Metric Learning is defined as learning distance functions over multiple objects. PyTorch Metric Learning (PML) is an open-source library that eases the tedious and time-consuming task of implementing various deep metric learning algorithms. It was introduced by Kevin Musgrave and Serge Belongie of Cornell Tech and Ser-Nam Lim of Facebook AI in August 2020 (research paper).

The flexible and modular design of the PML library enables the implementing various combinations of algorithms in the existing code. Several algorithms can also be combined for a complete train/test workflow. 

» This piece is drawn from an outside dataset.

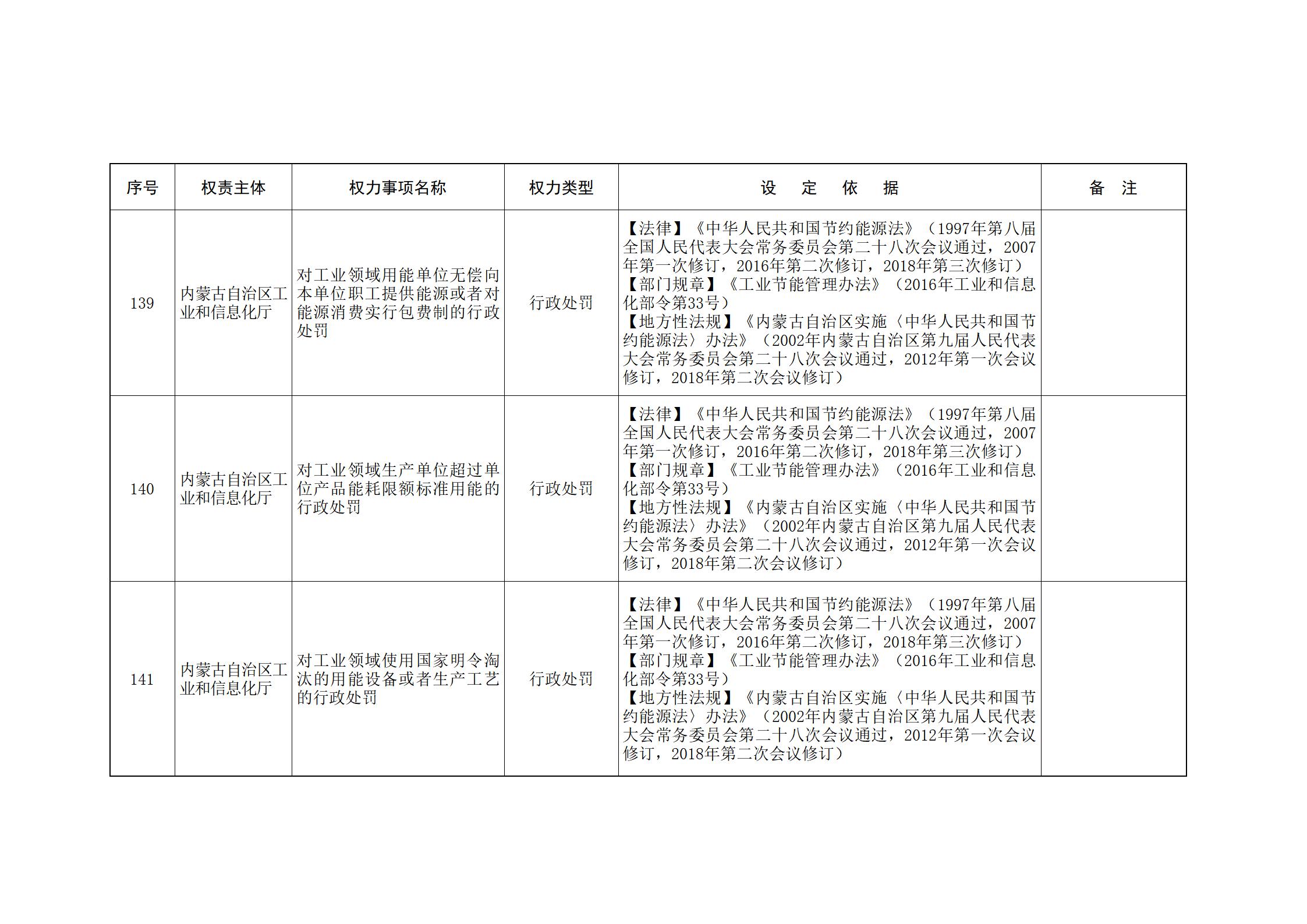 内蒙古自治区人民政府关于印发自治区本级行政权力清单保留目录(2026年版)和取消下放目录的通知_65.jpg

Modules of PyTorch Metric Learning

  1. Losses – classes to apply various loss functions
  2. Distances – include classes that compute pairwise distances or similarities between input embeddings
  3. Reducers – specify ways to go from several loss values to a single loss value
  4. Regularizers – applied to weights and embeddings for regularization.
  5. Miners

PML provides two types of mining function:

  • Subset Batch Miners
  • Tuple Miners
  1. Samplers – They are extensions of class. They determine how batches of samples should be formed.
  2. Trainers – Trainers module provides access to the metric learning algorithms, which require data augmentation, additional networks etc., apart from the loss or mining functions.
  3. Testers – They take a model and dataset as input and find nearest-neighbour based accuracy metrics. (Using testers requires the installation of faiss package)
  4. Utils 
  • AccuracyCalculator class to calculate several accuracy metrics given a query and reference embeddings
  • Inference models: utils.inference comprises classes for finding matching pairs within a batch, or from a set of pairs
  • Logging Presets – The logging_presets module provides hooks for logging data, early stoppage during training, validating and saving models. It requires the record-keeper and tensorboard packages which you need to install as follows:

pip install record-keeper tensorboard

The following figure gives an overview of the main modules of the PML library:

PyTorch Metric Learning modules

Components of a loss function:

PyTorch Metric Learning loss function components

Images’ source: Research paper

Required PyTorch version for PyTorch Metric Learning

  • pytorch-metric-learning >= v0.9.90 requires torch >= 1.6
  • pytorch-metric-learning < v0.9.90 does not have specific version requirement, but was tested with torch >= 1.2

Practical implementation of PyTorch Metric Learning

Here’s a demonstration of using TrainWithClassifier trainer of PML on CIFAR100 dataset. The code has been implemented in Google colab with Python 3.7.10 and torch 1.8.0 versions. Step-wise explanation of the code is as follows:

  1. Install required packages
 #Install PML
 !pip install -q pytorch-metric-learning[with-hooks]
 #Install record keeper for logging information
 !pip install record_keeper 
  1. Import required libraries
 %matplotlib inline
 from pytorch_metric_learning import losses, miners, samplers, trainers, testers
 from pytorch_metric_learning.utils import common_functions
 import pytorch_metric_learning.utils.logging_presets as logging_presets
 import numpy as np
 import torchvision
 from torchvision import datasets, transforms
 import torch
 import torch.nn as nn
 from PIL import Image
 import logging
 import matplotlib.pyplot as plt
 import umap
 from cycler import cycler
 import record_keeper
 import pytorch_metric_learning
 logging.getLogger().setLevel(logging.INFO)

3. Define the model

 class MLP(nn.Module): #multilayer perceptron model
     # sizes[0] is the dimension of input
     # sizes[-1] is the dimension of output
     def __init__(self, layerSizes, final_relu=False):  #constructor method
         super().__init__()  #refer to the base class
         list = []  #list of model layers
         sizes = [int(x) for x in sizes]  #number of neurons in each layer
         num = len(sizes) - 1 #number of layers
        #output layer
         final_relu_layer = num if final_relu else num - 1
         for i in range(len(sizes) - 1):  #for each layer
             ip_size = sizes[i]  #number of input features
             op_size = sizes[i + 1] #number of output features
             if i < final_relu_layer:  #for each intermediate layer
                 #apply ReLu activation function
                #apply linear transformation
                list.append(nn.Linear(ip_size, op_size)) 
#a sequential container for adding modules of the layer = nn.Sequential(*list) 
         self.last_linear =[-1]  #output layer
     def forward(self, x):  #forward propagation

4. Specify device on which torch.Tensor will be allocated

device = torch.device("cuda" if torch.cuda.is_available() else "cpu")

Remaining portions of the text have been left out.